What the task requires: What to return is the tail of the data, from the line that contains "this 480×360 image." down to the last line, copied exactly.

Record set:
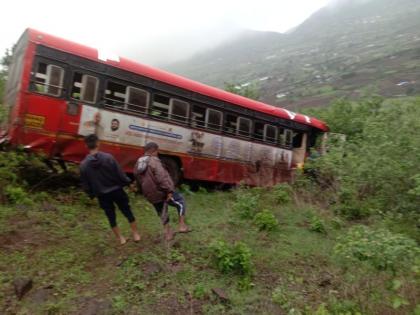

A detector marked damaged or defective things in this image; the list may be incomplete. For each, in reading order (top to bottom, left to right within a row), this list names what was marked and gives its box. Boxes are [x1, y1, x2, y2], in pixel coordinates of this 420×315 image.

crashed red bus [0, 28, 328, 186]
damaged bus body [0, 28, 328, 186]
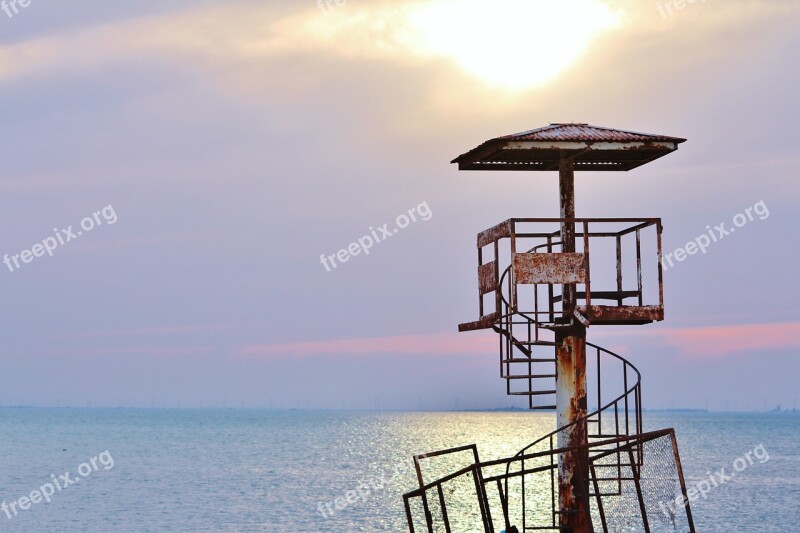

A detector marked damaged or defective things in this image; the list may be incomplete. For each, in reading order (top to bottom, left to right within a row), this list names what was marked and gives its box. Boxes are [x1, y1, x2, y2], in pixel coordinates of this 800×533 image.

rusty metal tower [404, 124, 696, 532]
rusted central pole [560, 156, 592, 528]
rusted metal frame [592, 462, 608, 532]
rusted metal frame [628, 448, 652, 532]
rusted metal frame [668, 428, 692, 532]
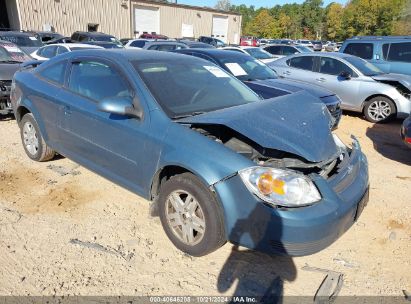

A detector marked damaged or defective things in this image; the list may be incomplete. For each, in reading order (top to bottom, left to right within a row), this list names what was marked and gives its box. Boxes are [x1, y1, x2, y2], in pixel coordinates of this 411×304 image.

crumpled hood [0, 63, 20, 81]
crumpled hood [248, 78, 334, 98]
crumpled hood [374, 73, 411, 89]
crumpled hood [177, 91, 338, 163]
broken headlight [240, 166, 324, 207]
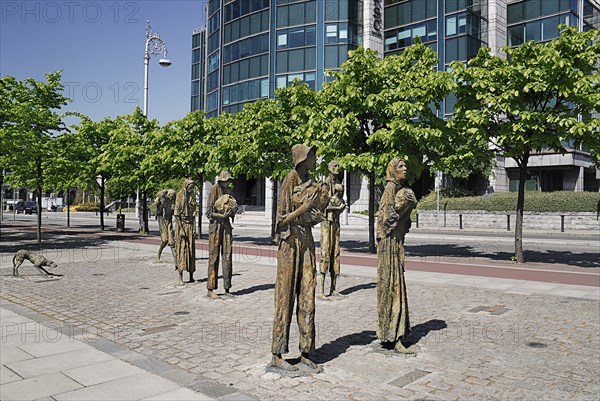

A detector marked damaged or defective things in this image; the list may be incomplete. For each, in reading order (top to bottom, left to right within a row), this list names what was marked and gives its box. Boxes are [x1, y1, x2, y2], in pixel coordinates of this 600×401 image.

tattered clothing sculpture [155, 188, 176, 260]
tattered clothing sculpture [173, 178, 197, 284]
tattered clothing sculpture [205, 170, 236, 298]
tattered clothing sculpture [270, 144, 328, 372]
tattered clothing sculpture [318, 159, 346, 296]
tattered clothing sculpture [376, 158, 418, 352]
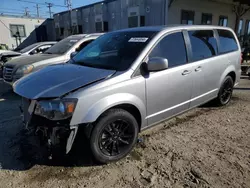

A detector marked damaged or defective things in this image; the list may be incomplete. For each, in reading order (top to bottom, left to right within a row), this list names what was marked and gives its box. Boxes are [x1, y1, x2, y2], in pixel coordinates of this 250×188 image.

damaged front end [20, 97, 79, 159]
damaged headlight area [34, 98, 77, 120]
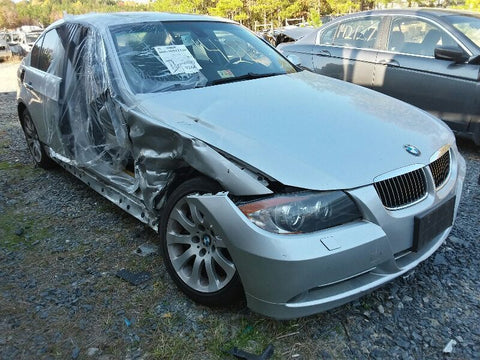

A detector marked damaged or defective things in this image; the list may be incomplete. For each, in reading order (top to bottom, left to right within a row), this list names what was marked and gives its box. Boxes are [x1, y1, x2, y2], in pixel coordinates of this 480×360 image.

crumpled hood [135, 69, 454, 190]
broken headlight [238, 191, 362, 233]
shattered plastic debris [115, 268, 151, 286]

Solved exercise:
A detector marked damaged or defective things in this image; the list may be incomplete. For each, in reading order (top to bottom, left to right within a row), this list names what was marked and gives its box. Boxes are [x1, y1, x2, y2], in pixel coordinates of this 480×360 image.

crumpled hood [135, 69, 454, 190]
broken headlight [238, 191, 362, 233]
shattered plastic debris [115, 268, 151, 286]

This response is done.